Écouter le vivant:
Traduire les signaux des plantes en sons avec Pure Data
Animé par:
Alizée Armet
13 juin, 2026 • 2pm
35$ — Billet
50$ — Billet + kit de capteurs
Places limitées à 10
Langue d’enseignement : anglais/français
Cet atelier propose une initiation à la sonification des signaux biologiques à l’aide de plantes et de capteurs. Les participants apprendront à recueillir des données physiologiques et à les convertir en sons à l’aide du logiciel Pure Data. L’atelier explore la bio-informatique en tant que pratique artistique et outil de communication interspécifique.

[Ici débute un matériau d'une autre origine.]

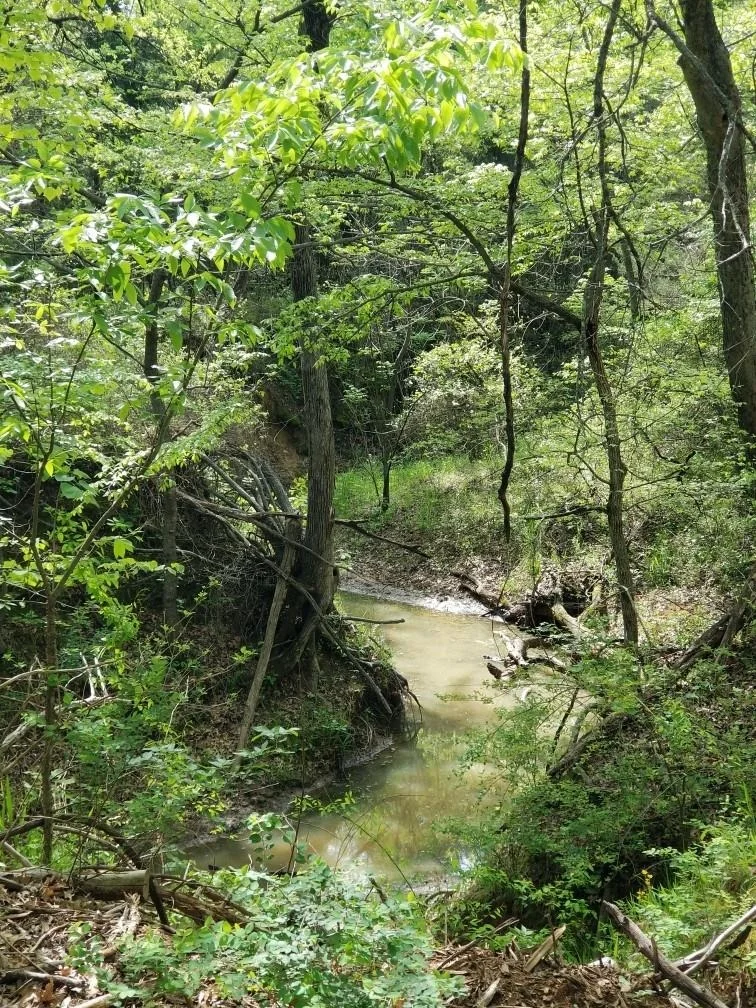 Photo of 0 Fleming Road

Cet atelier de deux heures initie les participants au processus artistique et technique de transformation de signaux biologiques en son. En travaillant avec des électrodes végétales ou des capteurs corporels tels que l’EMG, les participants explorent comment l’activité électrique subtile des systèmes vivants peut devenir matière musicale. La séance combine électronique pratique, synthèse sonore en temps réel et réflexion critique sur l’écoute interspécifique.
Dans la deuxième phase, les participants ouvrent un patch Pure Data préparé. Ils apprennent à recevoir des données en série, à visualiser des signaux en direct et à associer des valeurs numériques à des paramètres sonores tels que la hauteur, l’amplitude, la densité de bruit ou la fréquence de filtre. Par l’expérimentation, chaque groupe développe sa propre stratégie de correspondance, façonnant un écosystème sonore unique animé par la tension musculaire, les fluctuations végétales ou les micro-variations environnementales.
Exhibition Tour – 5pm
The workshop is followed by a guided tour of the exhibition Unstable Ecologies at Ada X.
Matériel et compétences requises
- Laptop
- Experience avec Arduino et Pure Data (intermediaire)

Artiste-chercheuse créant des installations hybrides à l’intersection du plastique, de la technologie et de la biologie, elle est également chercheuse, ayant obtenu son doctorat en « Art et Technologie » à l’Université du Pays Basque en 2021. Démystifiant le mythe de la singularité, sa pratique intègre le calcul informatique, les objets 3D et les matériaux organiques.
Elle souhaite questionner notre attachement à l’écosystème, tout en projetant des scénarios possibles ; elle critique la séparation cartésienne entre nature et culture. Sa pratique tente de « démêler » les codes et les implications de la société computationnelle. S’appuyant sur des méthodes scientifiques et une inspiration artistique, elle collabore régulièrement avec des scientifiques et des ingénieurs pour créer et concevoir ses installations.
Ses œuvres sont présentées en Europe (Tabakalera, Frac NoA, Galerie Kapelica, Ars Electronica, Wrofest, Basis e.V, Fondation Hippocrène, Galerie Vivoequidem, Centro Huarte…). En 2024, elle a reçu un prix d’Artofchange21 pour le Prix Art Éco-Conception.